Some skilled politicians love to walk that shaky tightrope high above the audience. But announcing how far ahead you are before any voting is very dangerous in politics, even for Trump, who’s not noted for modesty.
That’s because you’re setting yourself up for a bad surprise. You never hear football coaches boast about their lead at halftime and the inevitable victory surely coming soon, perhaps by 40 or 50 points.
No one tells Trump what to do. He wouldn’t listen anyway.
Instead, Trump could be expressing admiration for the determination of his GOP competitors, how hard they’re working, how it shows the breadth and depth of smarts and sharp candidates in his adopted Republican Party. And how important it is to oust the dangerous current White House regime.
This might also make unifying Republicans easier come fall if he is the nominee. That’s because, as fervent and blindly loyal as Trumpers are to their guy, there are not enough of them to capture a general election, even against the shell of a president like Joe Biden. Any Republican needs to attract independents and Democrats.
Everyone knows the ex-president has a lead in some polls. But such rhetorical strutting before the actual voting starts in Iowa on Jan. 15 and eight days later in New Hampshire is risky for two reasons:
- Assuming a sure win invites some supporters to slip into the Temple of Over-Confidence and skip as unnecessary the voting lines on a chilly New England Monday morning. Or the interminable caucus evening of a mid-winter Sabbath in Iowa. Have you ever experienced the drone of an eight-hour PTA meeting on a folding chair?
- It also sets the expectation bar way too high, almost inviting public and media disappointment if his victory margin is less than stunningly overwhelming, however a hostile media defines that.
Winning any election by, say, 20 or 25 points is very impressive. But if you’ve been boasting for weeks about a 50-point lead, 20 percent sounds underwhelming, suggesting weakness and openings for others.
This encourages opponents and their donors. And you just know that media, which need something that seems new every day, would be drooling for the online traffic drawn to a Trump-upset narrative.
That unpredictable upset sentiment feeds on itself in U.S. politics and sports. It can ignite the U.F., the volatile Underdog Factor that Americans absolutely adore.
Can the daughter of legal immigrants and wife of a deployed Army Major — the conservative woman no one expected to win the South Carolina governorship for two terms with skill and success and stand up to the Russians at the U.N. – can she upset the blustering billionaire to become America’s Margaret Thatcher as the country’s first female commander in chief?

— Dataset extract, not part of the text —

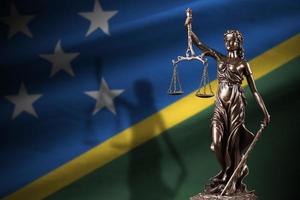 Solomon Islands flag with statue of lady justice and judicial scales in dark room. Concept of judgement and punishment photo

It doesn’t matter whether you agree or scoff at this sort of thing. It’s a very real phenomenon. In fact, if you scoff at it, you’re making the same mistake as Hillary Clinton in 2016 when she knew she had Wisconsin and Michigan in the bag and Trump's deplorables on the run.
Or aides to the pompous John Kerry, who, on the afternoon of Election Day 2004, began calling him Mr. President. Until the Ohio results came in.
Trump may very well win the nomination. And win handily. But even if he does, fewer will be impressed because he made it expected and old hat weeks before the fact.
Take it from me: You do not want to be proclaimed the certain winner who doesn’t win. And then must answer why. I worked on George W. Bush’s first presidential campaign in 1999-2000. He cruised to victory in the Iowa caucuses that year, but then came New Hampshire.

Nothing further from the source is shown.